Bagong Mountain in Shouxian County is located in the middle of Anhui Province, the south bank of the middle reaches of Huaihe River and the north of Shouxian County. Huainan was a country in the Western Han Dynasty, and the spring water at the foot of the mountain was full of light, clear and sweet. Shouchun area is rich in soybeans. Since ancient times, villagers have used spring water in the mountains to grind beans and drink soybean milk.

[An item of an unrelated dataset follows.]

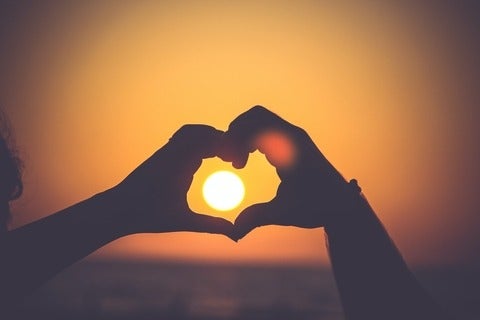 Hands forming a heart with sun in the middle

Liu An, the king of Huainan (BC 177- 122), had a mother who liked to eat soybeans. Once my mother couldn't eat the whole soybean because of illness, so Liu An had the soybean ground into powder. Afraid that the powder was too dry, she rushed into some water to boil it into soybean milk, and afraid that it was tasteless, she put some brine. The result turned into a lump, which is tofu flower.
Huainan Wang's mother was very happy to eat it, and her condition improved, so tofu was handed down. The making of tofu was invented by Liu An when he organized alchemy. Alchemists used many minerals and inorganic salts in alchemy, and occasionally found that gypsum or other salts could solidify soybean milk into tofu.
Tips for purchasing tofu
Take a piece of tofu and observe it directly under scattered light. Traditional tofu is even milky white or light yellow, with a slight luster. Synthetic tofu is much whiter and dimmer than traditional tofu because of the addition of white pigment. There may also be waterlines, bubbles, fine particles, etc.
Traditional tofu can feel some elasticity when pressed by hand, and its hardness is moderate. Synthetic tofu is rough in section, not delicate in texture and poor in elasticity, and there is no white tofu liquid flowing out.
Smell directly at room temperature. Traditional tofu is made of soybeans and has the smell of soybeans. Synthetic tofu is made of soy protein isolate, which tastes very light and even smells like chemicals.